Se parliamo di donne che sono già madri pensiamo che secondo un sondaggio condotto da Careering into Motherhood su mamme lavoratrici è emerso che solo 4 mamme su 10 non chiedono lavoro flessibile (proseguendo però alle volte il lavoro tornate a casa). Il 46% pensa che chiederlo possa poi danneggiare il loro posto di lavoro. Assurdo pensare inoltre che spesso tale discriminazione venga fatta addirittura dalle donne stesse. A tal proposito ricordiamo quando lo scorso anno l’imprenditrice Elisabetta Franchi è stata ovviamente oggetto di aspre critiche dall’opinione pubblica. Durante il convegno “Donne Moda” che era stato organizzato da Il Foglio e PWX Italia aveva ammesso di preferire gli uomini per posizioni dirigenziali. Se avesse dovuto scegliere una donna ne avrebbe scelto sicuramente “anta”. Capiamo bene da quest’ultima affermazione che si riferisce a donne oltre i 40 anni che hanno già avuto figli e che sanno già “gestire” in modo consono vita privata e famiglia.

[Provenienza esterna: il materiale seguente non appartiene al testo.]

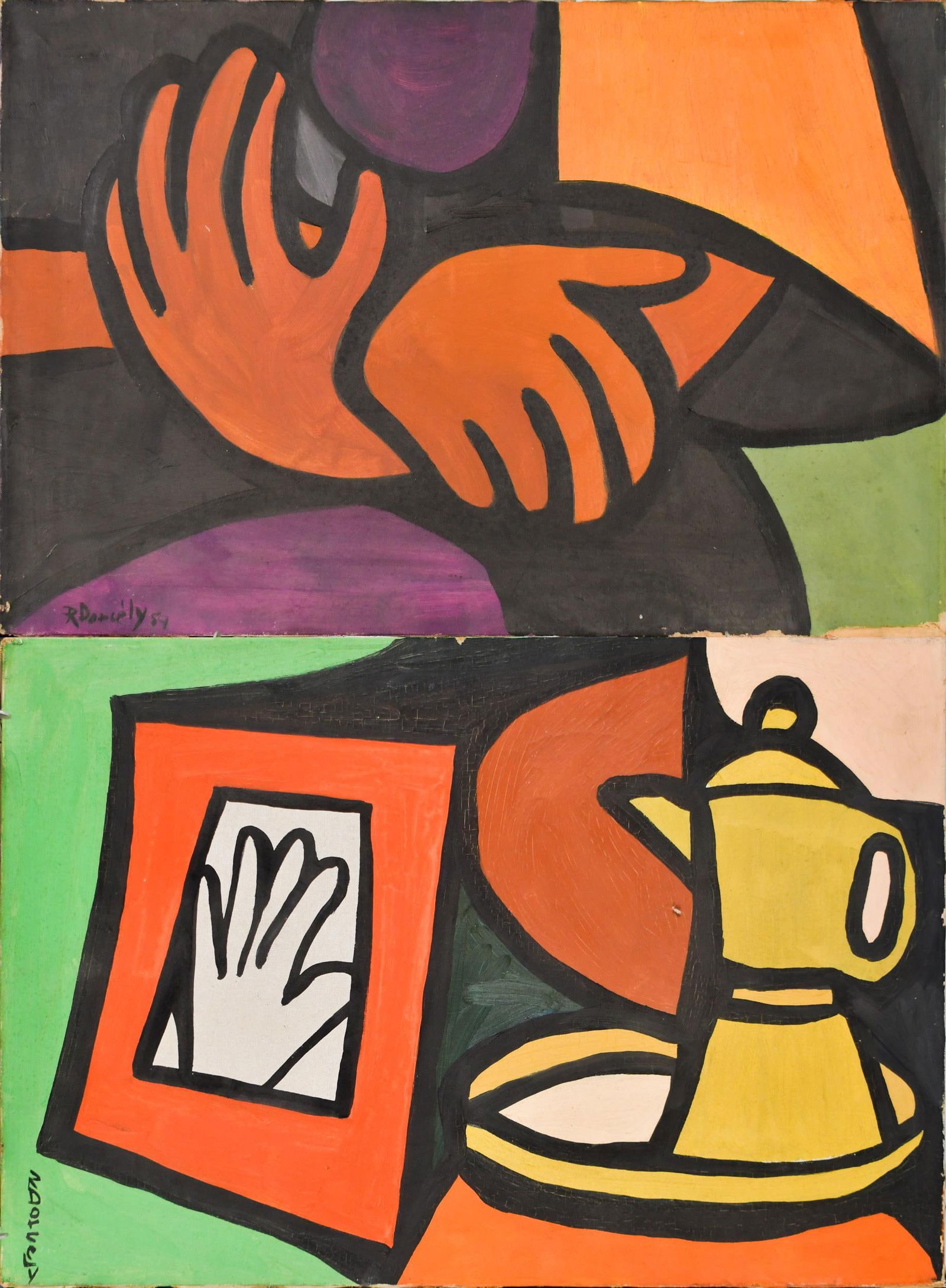 TWO ROLAND DORCELY OILS. (1 of 12)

Le conseguenze della domanda


La domanda “Vuoi avere figli?” porta nelle donne durante i colloqui di lavoro delle conseguenze sicuramente negative. Prima di tutto ci troviamo come già detto davanti ad una discriminazione diretta, rischiando di essere scartate dalla posizione lavorativa senza una vera motivazione. Inoltre il posto di lavoro diventa forse l’ambiente meno sicuro proprio per le donne. Qui non possono sentirsi a loro agio, tutelate e devono quasi nascondere le proprie decisioni familiari.


Questa violazione dei diritti delle donne deve essere contrastata con mezzi ancora più forti. Le aziende o chi per loro non teme sicuramente ripercussioni sapendo di porre una domanda illegale. L’ambiente lavorativo per ogni donna dovrebbe diventare un posto equo, dove esiste un giusto equilibrio tra i generi.